Tuan Muda yang malang sekali karena baru mengenal dan merasakan manisnya cinta ketika umurnya sudah melampaui dua puluh tahun. Mungkin itulah yang cocok untuk keadaan Aarav saat ini.
Aarav terlihat menuruni tangga dengan langkah tyang terburu. Tidak bisa dibayangkan jika dalam keadaan tadi ada yang melihat bagaimana keadaan wajahnya, itu akan menjadi aibnya seumur hidup.
“Gila.” Bentaknya dengan menghentakkan tangan ke kemudi mobil, “Kenapa dia menjadi semakin berani padaku.”
Mobil melaju kencang berlomba dengan detak jantung yang memburu. Masih terasa begitu lembut jemari Wina membelai setiap helaian rambutnya, “Kenapa malah sekarang dia yang begitu berani padaku sih!” kembali menghentak kemudi mobilnya dengan kesal.
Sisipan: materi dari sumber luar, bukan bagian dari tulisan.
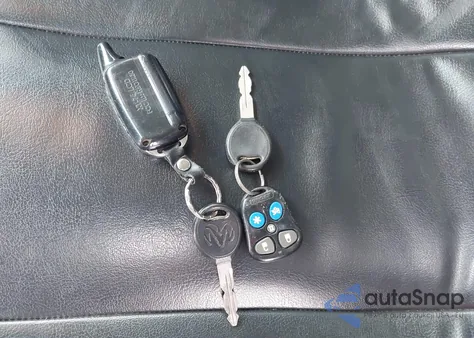 2001 Dodge Dakota Slt/Sport z USA, uszkodzony, nr VIN 1B7GG2AN21S125703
Bagi Aarav jika dirinya yang memulai menyerang Wina, maka itu tak masalah. Yang akan menjadi masalah adalah jika sebaliknya, semua yang dilakukan Wina tadi membuat fikiran dan perasannya kacau balau.
Tiba di kantor, ia menemukan Rey yang duduk dengan tenang di sofa ruangannya. Pemuda itu sibuk memeriksa lembar berkas yang kemarin ditingalkannya karena urusan mendadak dengan Alina.
Melirik Aarav dengan tatapan aneh, apalagi melihat tingkah Tuan Mudanya yang masuk ke ruangannya sendiri dan tampak kebingungan akan duduk di kursi atau di sofa.
“Apa sesuatu yang buruk telah terjadi Tuan Muda?” bertanya untuk memastikan sendiri.
Aarav tak menghiraukan kalimat yang barusan keluar dari lisan Rey, dirinya tampak masih kebingungan walaupun kini memilih duduk di sofa depan Rey.
“Kau lihat ini?” menunjuk ke arah rambutnya yang sudah rapi terikat.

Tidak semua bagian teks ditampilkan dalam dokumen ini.